Estar em contato com uma cultura de raízes religiosas, com um idioma milenar onde as letras são variações simbólicas do alfabeto sânscrito, é literalmente como nascer de novo. A comunicação em inglês é difícil, nossas acentuações abrasileiradas não se parecem em nada com o inglês pronunciado pelos indianos. Você é forçado a tentar de tudo para se fazer ser entendido. Você faz gestos, usa o Google tradutor, faz mímica, e quando isto tudo não basta, recorre ao papel e caneta para desenhar.

Coisas simples podem te prejudicar. Um simples gesto, uma simples palavra traduzida ou entendida de forma errada podem te colocar dentro de grandes encrencas. Comunicação é tudo!

O mundo fora do nosso país é literalmente um novo mundo. Ele não é carinhoso ou ameno com você só porque você é estrangeiro (a). As pessoas de bom coração, de boa conduta irão te ajudar, mas se não tomar cuidado, as pessoas com más intenções puxarão seu tapete se passando por pessoas boas. Elas irão se aproximar de você, e se aproveitarão desta sua vulnerabilidade “momentânea”.

Eu digo “Momentânea”, pois é impressionante como nos adaptamos rápido. Mas, tudo é parte de um processo. Fora de casa, somo como um bebê recém-nascido. É preciso negar tudo, e reaprender.

Nós reaprendemos a melhor forma sobre como devemos nos comunicar, como devemos nos comportar, quais são as melhores maneiras para (e por onde) se locomover e depois de alguns dias imersos nesta nova dimensão, você começa a celebrar pequenas vitórias. São pequenos desafios diários, coisas que normalmente no seu país de origem você não celebraria. Coisas simples, mas de um valor grandioso para a sua felicidade. Você volta a acreditar em você, e descobre o quão forte você pode ser.

New Delhi – Uma infinidade de cores, um paraíso de sabores.

Capital do país, a cidade de New Delhi está localizada ao norte da Índia.

Poeira no asfalto, nos tetos e nos capôs dos carros.

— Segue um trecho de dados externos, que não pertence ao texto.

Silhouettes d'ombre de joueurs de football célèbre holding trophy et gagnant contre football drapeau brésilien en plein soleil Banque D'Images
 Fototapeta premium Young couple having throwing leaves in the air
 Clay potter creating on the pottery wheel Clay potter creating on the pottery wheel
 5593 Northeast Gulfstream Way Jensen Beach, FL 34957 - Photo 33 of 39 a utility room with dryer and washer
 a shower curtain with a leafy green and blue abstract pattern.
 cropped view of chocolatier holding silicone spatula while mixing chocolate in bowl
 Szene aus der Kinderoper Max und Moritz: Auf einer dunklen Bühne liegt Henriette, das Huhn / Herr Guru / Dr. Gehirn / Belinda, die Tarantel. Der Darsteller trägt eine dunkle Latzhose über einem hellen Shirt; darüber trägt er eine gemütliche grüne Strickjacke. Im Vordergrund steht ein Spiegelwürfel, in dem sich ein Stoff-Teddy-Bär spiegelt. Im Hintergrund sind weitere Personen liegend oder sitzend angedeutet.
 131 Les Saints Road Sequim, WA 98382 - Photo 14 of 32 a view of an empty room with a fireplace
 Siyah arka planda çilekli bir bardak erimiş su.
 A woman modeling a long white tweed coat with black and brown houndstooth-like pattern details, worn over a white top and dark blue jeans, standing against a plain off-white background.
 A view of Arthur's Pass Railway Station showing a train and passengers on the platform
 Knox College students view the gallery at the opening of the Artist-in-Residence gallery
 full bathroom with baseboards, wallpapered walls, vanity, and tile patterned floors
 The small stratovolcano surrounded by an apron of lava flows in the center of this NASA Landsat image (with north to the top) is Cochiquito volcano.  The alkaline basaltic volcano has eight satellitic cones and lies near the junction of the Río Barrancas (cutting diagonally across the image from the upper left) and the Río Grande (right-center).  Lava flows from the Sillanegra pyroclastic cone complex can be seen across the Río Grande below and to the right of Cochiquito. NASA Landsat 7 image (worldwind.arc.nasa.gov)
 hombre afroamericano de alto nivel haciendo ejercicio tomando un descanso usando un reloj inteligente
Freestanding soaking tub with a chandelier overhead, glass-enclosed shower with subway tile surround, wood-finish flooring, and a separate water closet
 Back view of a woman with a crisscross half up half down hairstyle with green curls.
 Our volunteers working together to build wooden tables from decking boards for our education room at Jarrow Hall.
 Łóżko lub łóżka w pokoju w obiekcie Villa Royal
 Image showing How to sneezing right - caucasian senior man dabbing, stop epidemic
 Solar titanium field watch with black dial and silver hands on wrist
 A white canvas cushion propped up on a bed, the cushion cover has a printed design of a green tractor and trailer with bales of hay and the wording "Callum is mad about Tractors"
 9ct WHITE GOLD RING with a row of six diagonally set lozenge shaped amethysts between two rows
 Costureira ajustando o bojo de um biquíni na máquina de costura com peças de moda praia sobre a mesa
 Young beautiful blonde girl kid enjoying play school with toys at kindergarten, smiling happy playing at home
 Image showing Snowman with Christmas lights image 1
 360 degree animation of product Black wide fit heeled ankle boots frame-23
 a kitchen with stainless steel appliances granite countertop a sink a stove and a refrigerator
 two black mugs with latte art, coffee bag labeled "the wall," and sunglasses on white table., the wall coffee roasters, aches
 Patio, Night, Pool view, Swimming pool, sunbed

Há terra nos pneus das motocicletas, nos Rikeshaws (Riquixás), nos Tuk-Tuks e também nas solas dos meus sapatos.

Vestindo suas tradicionais (e não tão tradicionais) roupas coloridas, mulheres, homens, idosos, adolescentes e crianças, dividem os espaços das ruas com os carros, as motocicletas, animais em geral e as vacas (que por incrível que pareça, só ví uma única vaca… Mas elas estão lá, simmmmmmmmmmm elas estão).

Há alguns relatos de turistas na internet fazendo reclamações; dizendo que o cheiro das ruas de New Delhi é muito ruim. Há alguns vídeos em que esses turistas dizem que por onde se anda, pode-se sentir cheiro de lentilha e de massala (tempero indiano).

Obviamente, há lugares em que esta vastidão de odores é sim muito forte. Como paulista que sou, posso explicar melhor fazendo uma comparação bastante simples. Imagine que você está caminhando pelas ruas do centro de uma grande cidade, como quando você (que é paulista ou paulistano) caminha pelas ruas do Centro da Cidade de São Paulo – SP, por exemplo. Nos arredores do local onde você se encontra (nesta situação hipotética) há vários estabelecimentos preparando as mais diversificadas possibilidades de refeições. Nas proximidades, dezenas de lojas vendem seus produtos; há pessoas que falam em volume extremamente alto, competindo com as buzinas e com os barulhos da cidade. Algumas pessoas caminham muito apressadamente, enquanto outras caminham na velocidade de uma tartaruga manca. É isso, sem segredos!. New Delhi é assim!.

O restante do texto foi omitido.